Speaking from experience, from a balance perspective, 'undercover' sec officers are inherently vulnerable out of uniform. They're already relatively weak alone, but without armor and most of their weapons, they're pretty squishy. Security's entire strength is coordinated force in numbers. An undercover sec officer isn't going to be paling around with other conga lines of sec or even responding to calls.
When I play undercover sec, I usually have a holobadge with my ID scanned in my pocket, and otherwise dress as a civilian and only carry pepper spray, a baton, and a pair of cuffs. I blend in with the bridge hobos or slum around the halls, and my only major interaction with sec is quietly putting on my huds to set someone or relay information over sec comms about the location of known antags and such.

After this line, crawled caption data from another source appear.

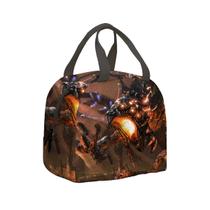 Lancheira, bolsa térmica, bolsa portátil Bento Anime Borderlands Lancheira, bolsa térmica, bolsa portátil Bento Anime Borderlands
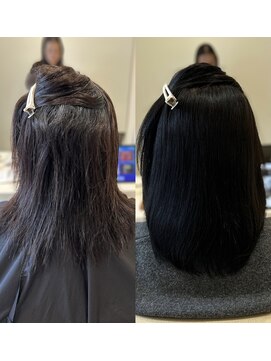 シンシア 銀座(sinsia) 40代 今の自分に合った酸性ストレート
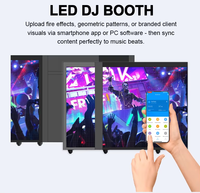 Pantalla LED Flexible para Interiores de Alta Luminosidad P2.5mm, Admite Visualización a Todo Color, Garantía de 2 Años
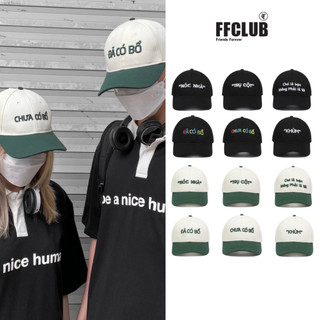 NÓN FF VIETNAMESE BASEBALL CAP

The only active arresting I do is if I spot people being shitheel tiders in my presence or someone calls it in near me, I don't concern myself with being part of the major hunts beyond a support role unless I'm physically dragged into it. I'm basically a mall cop.
I can see it being a problem if it starts getting popular and we have a lot of undercover sec players, but aside from myself, I've only ever seen the blueshield pretending to be part of the tide, which I think is honestly really cool and an interesting approach so long as they're still watching over command. All in all I think it adds to the sec/antag dynamic - it takes tidery somewhat off of the main sec team's plate so they can focus on actually working on antags, and that's one of the major reasons I'm taking a break from the server right now. it brings the balance back into what it's more supposed to be: sec vs. antags.